It's possible to further improve the fragmentation characteristics if the maximum size of the memory to be allocated is known ahead of time. The original used a 5.3 "floating point" scheme for the free bins, but given the maximum size you can opt for 4.4 or 6.2 or whatever can cover the whole region, giving more dense (or sparse) allocation granularity as needed.
This same idea can also be extended to allocating texture atlas regions when the regions have power of two size. 256 bins can cover all possible texture sizes that GPUs can handle, so you can get hard O(1) texture packing.
I'm also curious about making something like this work as a general purpose allocator (as alluded to by the README). For that it would be necessary to make a reverse lookup from pointer address to allocation handle, which would require something like a red-black tree covering the address space, which would no longer be 0(1). If anyone has ideas on this front, I would be happy to hear them.
This algorithm is so clever and kind of a game changer. Allocating and freeing are fast real time operations (only dozens of CPU cycles and a few memory writes). It kind of makes "bump allocators" obsolete because this allocator is almost as fast but supports trimming and freeing allocations as well. This algorithm requires more memory but the amount is quite low.

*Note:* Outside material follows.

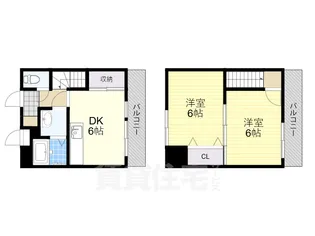 ロイヤルモアあやめ池【1階】の間取り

A radix tree can solve this: https://en.wikipedia.org/wiki/Radix_tree
I used one way, way back to do exactly the same thing: upon a free, I needed to look up all of the metadata for an address. For a 32-bit address space, you can just allocate a giant array up front, and use the address as an index. For a 64-bit address space, it's obviously way too big to statically allocate it up front. A radix tree neatly solves the problem. An arbitrarily sized radix tree is not constant lookup, but for reasons I honestly cannot remember, for a 64-bit address space, it's guaranteed to only be 3 levels deep.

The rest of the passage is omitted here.